Cross-Lingual Learning bridges inequalities among languages

Matúš Pikuliak is our new successfully graduated PhD in KinIT. In his research, he focused on methods that should bridge inequalities among languages and offer useful applications to people and communities that have not yet been able to take full advantage of the progress based on deep learning in their mother tongue.

In recent years, deep learning has brought significant advances in natural language processing. Machine translation, information retrieval, speech transcription and other applications that we commonly use today, have achieved significant improvements thanks to deep learning. Similar to other domains, this progress is dependent on the collection of datasets which enable machine learning models to learn to perform a given task. For various historical, sociological, technological and other reasons, some languages (e.g. English, Mandarin Chinese) are very popular today, are spoken by billions of people and abundant artificial intelligence research is carried out with them. On the other hand, there are thousands of marginal languages, they are spoken by a much lower number of people and the new texts are generated in much lower volume in comparison with other languages. The use of artificial intelligence approaches is often much more complicated and sometimes impossible, especially because there are no large enough datasets for these languages.

Matúš is our last doctoral student recruited, who has recently defended his PhD degree. In his research, he focused on methods that should bridge inequalities among languages and offer useful applications to people and communities that have not yet been able to take full advantage of the progress based on deep learning in their mother tongue. He explored the possibilities of the so-called cross-lingual learning. It is a machine learning paradigm where knowledge and data created in one language are transferred to other languages, using various techniques. For example, if artificial intelligence learns to solve the problem of information retrieval in English, the aim of these techniques is to transfer this knowledge to other languages so that we can also search for information in them.

The image depicts a grid of 4 neural models. Each model solves a certain task in a certain language. The color scheme shows the layers that are shared by the models. Since all models are interconnected, they can communicate and exchange knowledge.
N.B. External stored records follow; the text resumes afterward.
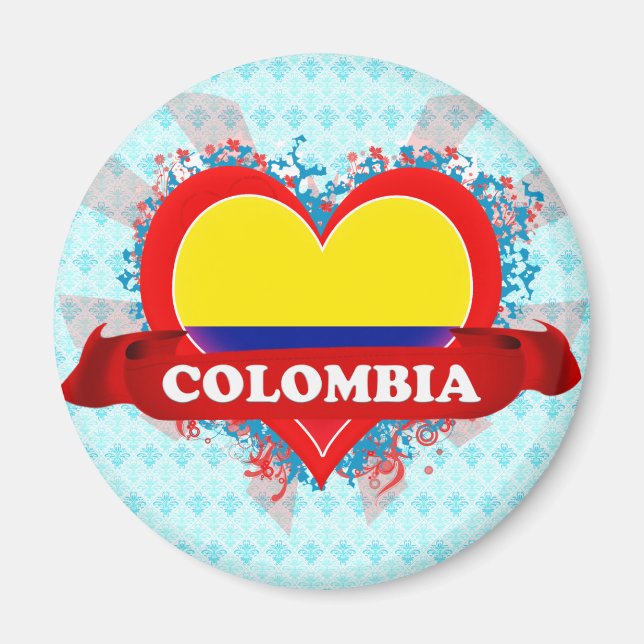 Imán Vintage Amo Colombia (Frente)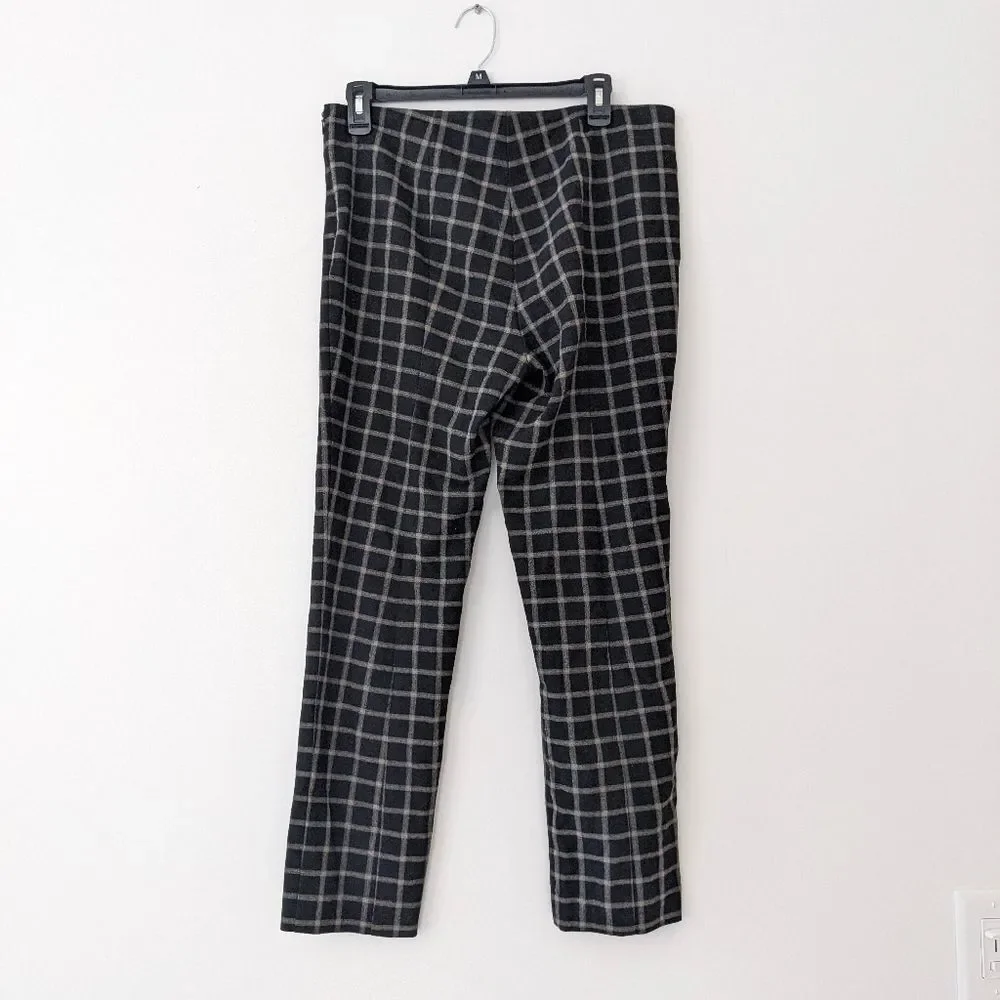 Anthropologie Cartonnier Windowpane Plaid Hi Rise Pants Size 8 Stretch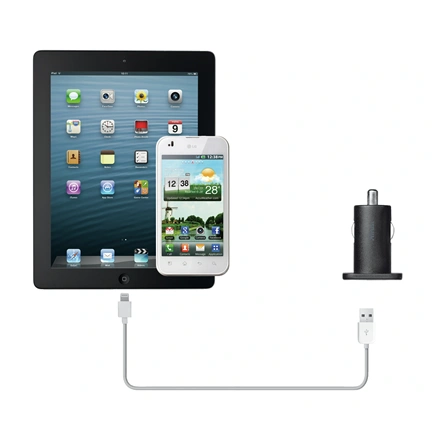 Trust 19165 12W Car Charger - black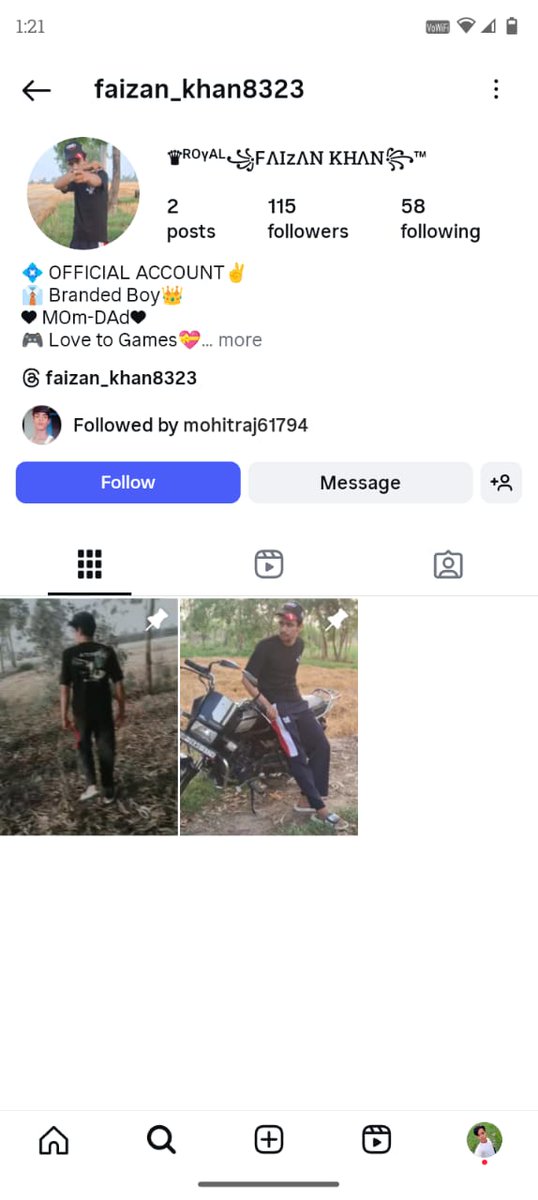 SanjayK19568846's tweet photo. महोदय faizan khan8323 अपनी इंस्टा 🆔 से हिन्दुओं के आराध्य भगवान श्री राम पर अभद्र टिप्पणी कर सांप्रदायिक दंगा भड़काना चाह रहा है, उक्त व्यक्ति को चिन्हित कर कठोर कार्यवाही करें @CMOfficeUP @Dmpilibhit @igrangebareilly @pilibhitpolice @Uppolice @dgpup @myogiadityanath https://t.co/VgrTGo13md
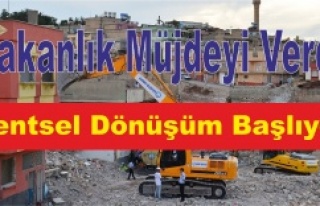 Bakanlık Müjdeyi Verdi Kentsel Dönüşüm Başlıyor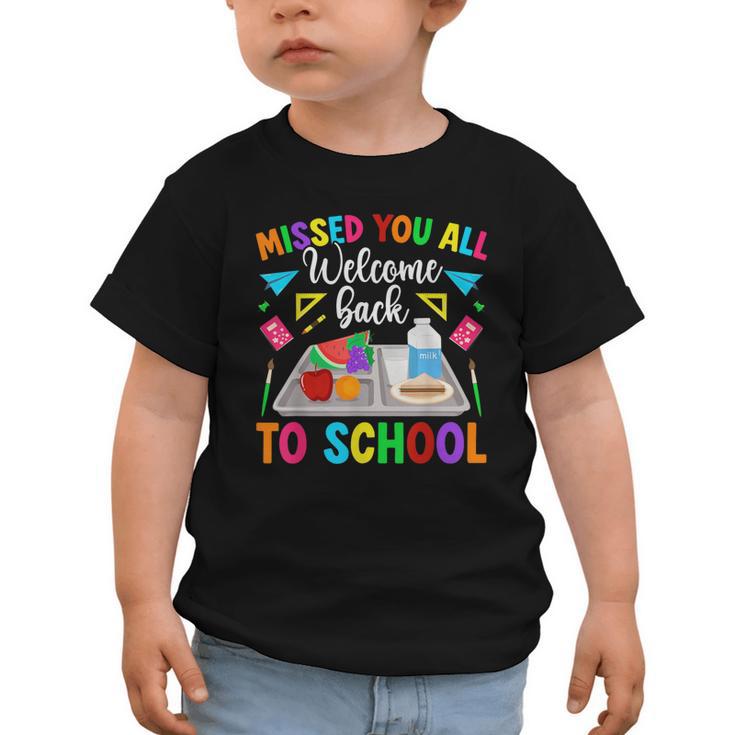 Back To School Lunch Lady First Day Of School Lunch Lady Graphic Toddler T-Shirt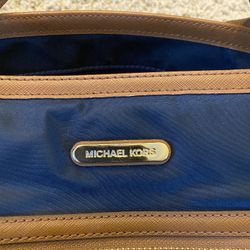 Michael Kors Purse, Dark Blue and Gold Hardware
One of the very first literature reviews in this area was part of Matúš’s work and it was published in the journal Expert Systems With Application (in Google Scholar it is a journal from the Artificial Intelligence section with the highest h-index). The basis of this review was mapping of the approaches in cross-lingual learning used so far and more than 170 existing works were analyzed. A thorough analysis of the languages, datasets, tasks and approaches used, provided an insight into the state of the area, which we had lacked by then. Cross-lingual learning has proven to be a very versatile technology, applicable to any natural language processing task. Also, the dominance of major European languages in experimental work has been proven. Despite the fact that one of the main reasons for cross-lingual learning is to help languages with a lack of data, experimental verification is often carried out in languages that may not even need such help. Matúš also contributed to the theoretical understanding of such learning by formally defining it and proposing a division of existing approaches according to the type of knowledge used to communicate between different languages. In this way, sample annotations, sample features, parameter rates, and internal model representations can spread between languages.

Based on this analysis of the state of the area, Matúš then focused on the combination of multilingual and multitask learning. It was common to study these two approaches separately. Here, Matúš decided to combine them and explore the possibilities and limitations of such a connection. The experiments were carried out with the so-called grid of models. Each model had a specific task defined in a specific language and together they covered all possible combinations of the selected 4 tasks and 4 languages. Models in such a grid have learnt to solve a problem based on their data. At the same time, they also learned from each other through a mechanism called parameter sharing. The results of the experiments were discoveries in how to combine data from different languages properly, in order to maximize the performance of models in less studied languages.

The research has the potential to be applied in practice in the development of methods and models in “poor” languages. Slovak language can also be included in these “poor” languages in some cases. By transferring knowledge from rich languages using the proposed methods, we can improve the results for these languages. These technologies are already helping people today, public machine translators (e. g. Google Translate) already use such techniques and translations into and from less common languages are becoming better thanks to the transfer of knowledge. This is another step in the ongoing democratization of artificial intelligence and information technology in general. In addition, working with multiple languages is proving to be an interesting challenge for other KInIT activities, where we can use similar techniques in our existing projects focused on e. g. combating misinformation or in various research projects of our partners.

Selection from Matúš’s publications:

1. Pikuliak, M., Šimko, M., & Bielikova, M. (2021). Cross-lingual learning for text processing: A survey. Expert Systems with Applications, 165, 113765.

2. Pikuliak, M., Simko, M., & Bielikova, M. (2019, January). Towards combining multitask and multilingual learning. In International Conference on Current Trends in Theory and Practice of Informatics (pp. 435-446). Springer, Cham.